The card is built to look like a vintage school report card — cream beige background, red header typography, and dark-blue ruled lines running across the page like a real grade sheet. The "grades" listed are made-up categories: things like charm, mischief, and cuteness, scored in that same deadpan report-card format. The red and dark-blue ink feel deliberately old, like something pulled from a 1950s elementary school file. The overall effect is quiet but funny — the humor sneaks up on you rather than shouting, and the retro layout gives it a nostalgic, slow-burn playful quality.
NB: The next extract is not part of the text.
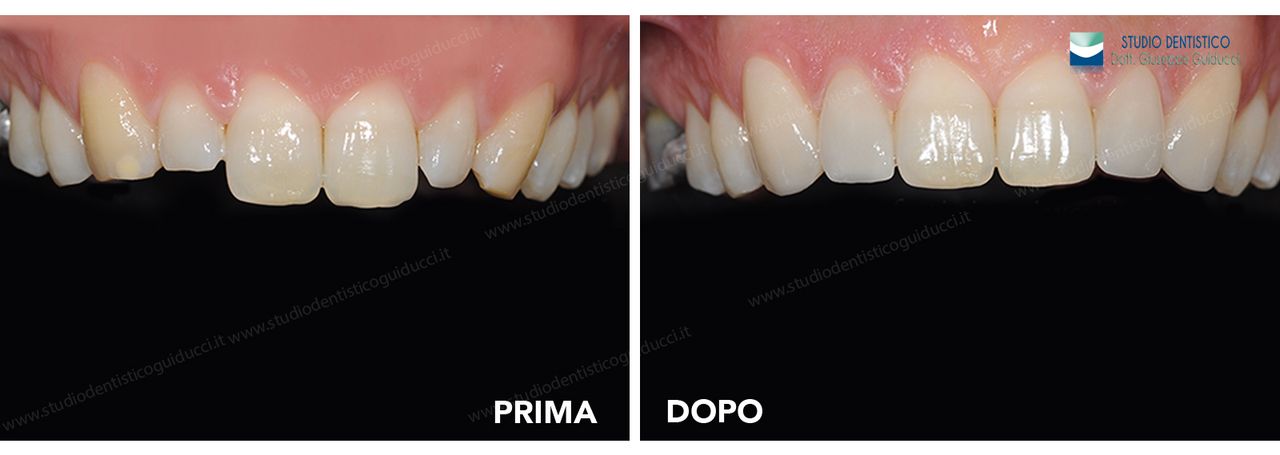 Giuseppe Guiducci-12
This card suits a grandparent sending something to a grandchild starting kindergarten — the vintage look hits differently for someone who actually remembers paper report cards, and the joke grades give them something to laugh about with the kid. It also works well for a parent whose child just finished their first full school year and deserves a mock "official" assessment of their personality. A few sentences in the message about a specific quirk — the way she refuses to eat crusts, or how he negotiates bedtime like a tiny lawyer — makes the whole thing land. The retro design gives the humor room to breathe without turning the card into a joke gift.
Photos that work here tend to have warm or neutral tones — think natural light, wooden floors, soft clothing — since loud saturated backgrounds can clash with the beige and dark-blue palette. A candid shot of the child mid-laugh at the kitchen table reads better than a posed studio portrait. A photo from the first day of school, backpack on, slightly nervous grin, fits the theme directly. If there are a few years' worth of first-day photos, stack them — the recipient can tap any one to download it at full resolution, so even a low-key phone shot becomes something they can actually keep and print at home.